>>>

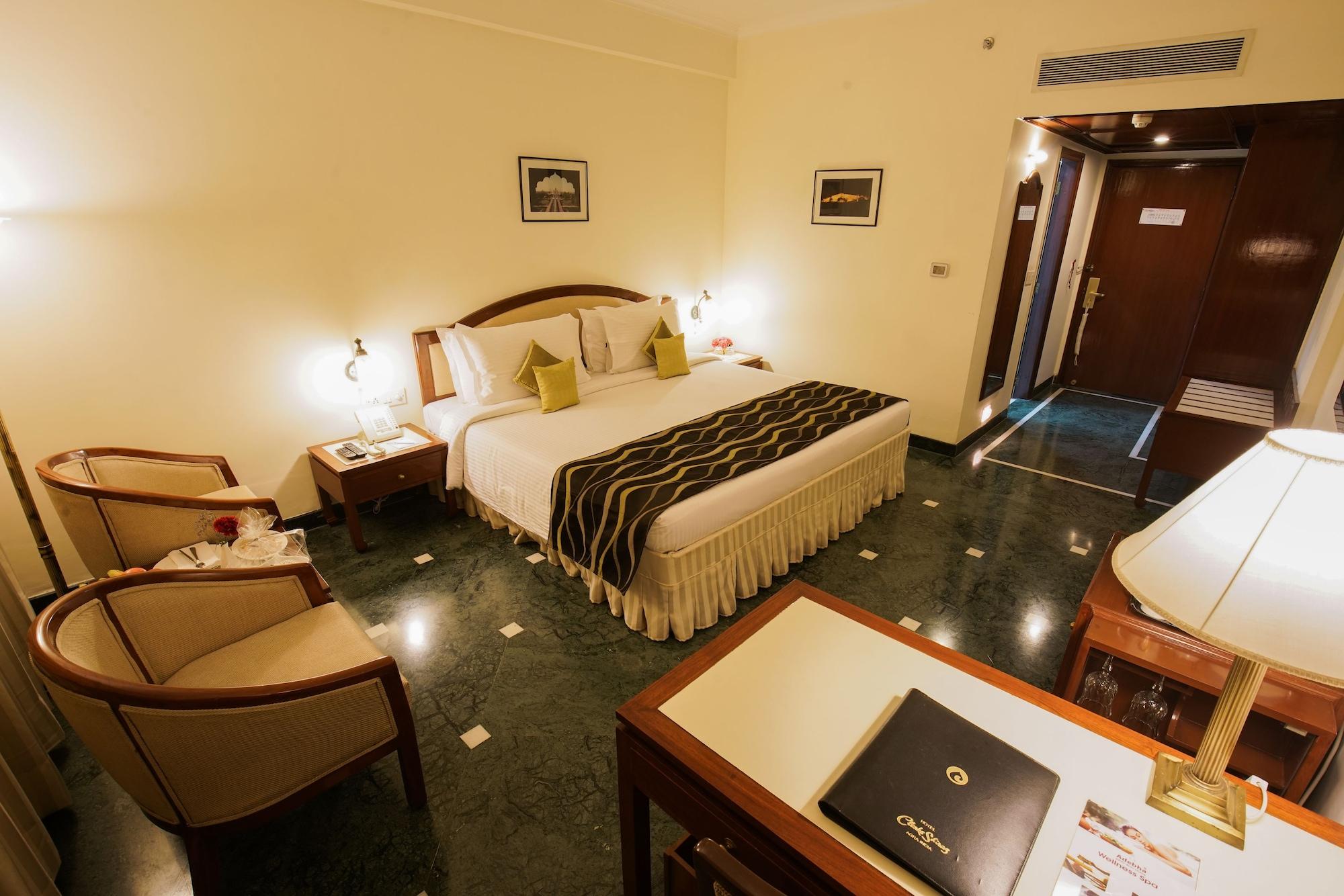 Hotel Clarks Shiraz Agra  Exterior foto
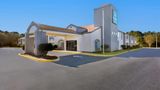 <b>Quality Inn Lavonia Exterior</b>. Images powered by <a href="https://iceportal.shijigroup.com/" title="IcePortal" target="_blank">IcePortal</a>.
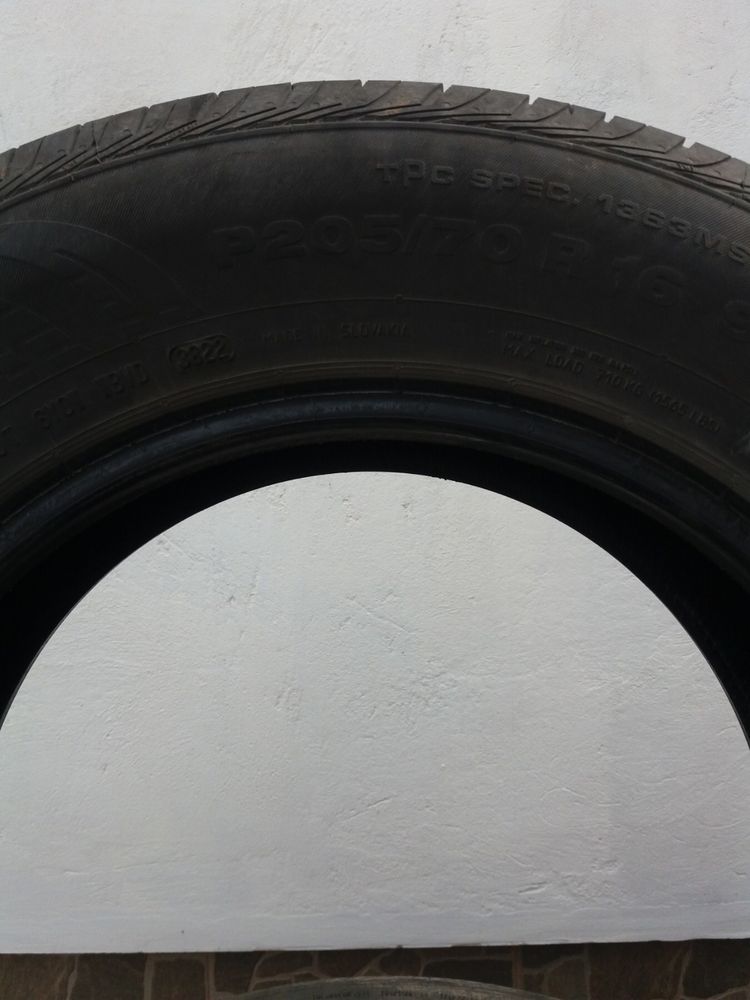 Коплект Гуми 205/70 R16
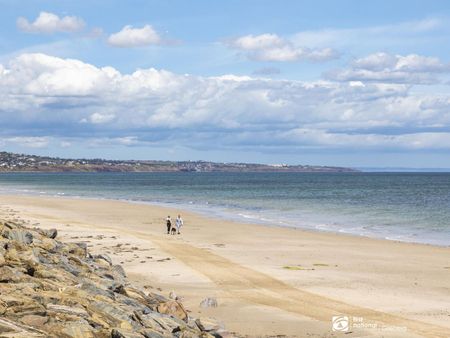 Beachside Location - Stylish Furnished Unit - Photo 3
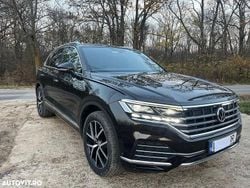 Negru Utilizat 2016 VW Touareg R-line SUV | 22.500 EUR (Super Preț)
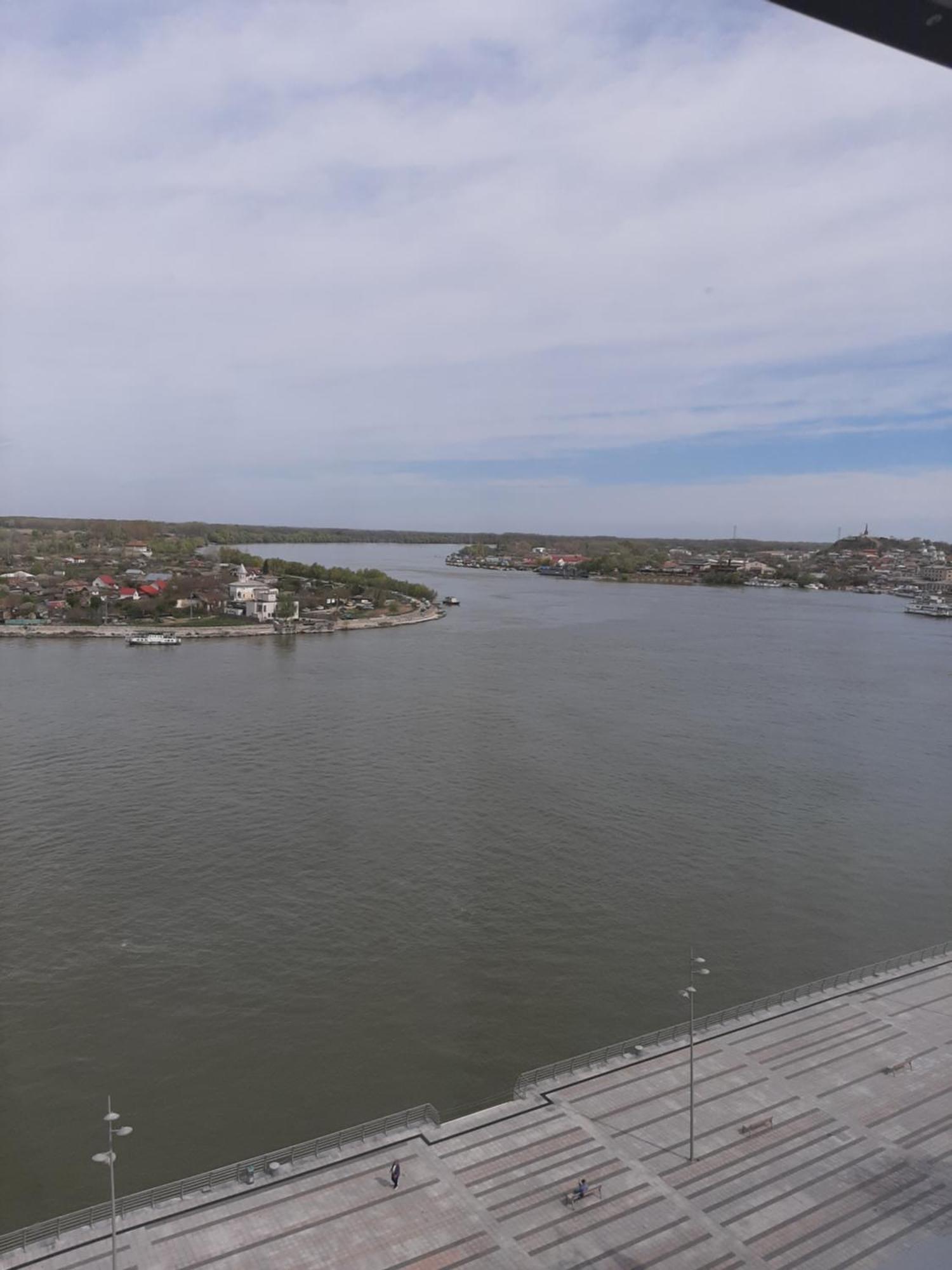 Delta Danube View Apart Tulcea Esterno foto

<<<

Task requirements
No pictures should appear in the copy; write out exactly the lines from the one containing "<b>Quality Inn Lavonia" through the end of the material.

Final answer
 <b>Quality Inn Lavonia Exterior</b>. Images powered by <a href="https://iceportal.shijigroup.com/" title="IcePortal" target="_blank">IcePortal</a>.
 Коплект Гуми 205/70 R16
 Beachside Location - Stylish Furnished Unit - Photo 3
 Negru Utilizat 2016 VW Touareg R-line SUV | 22.500 EUR (Super Preț)
 Delta Danube View Apart Tulcea Esterno foto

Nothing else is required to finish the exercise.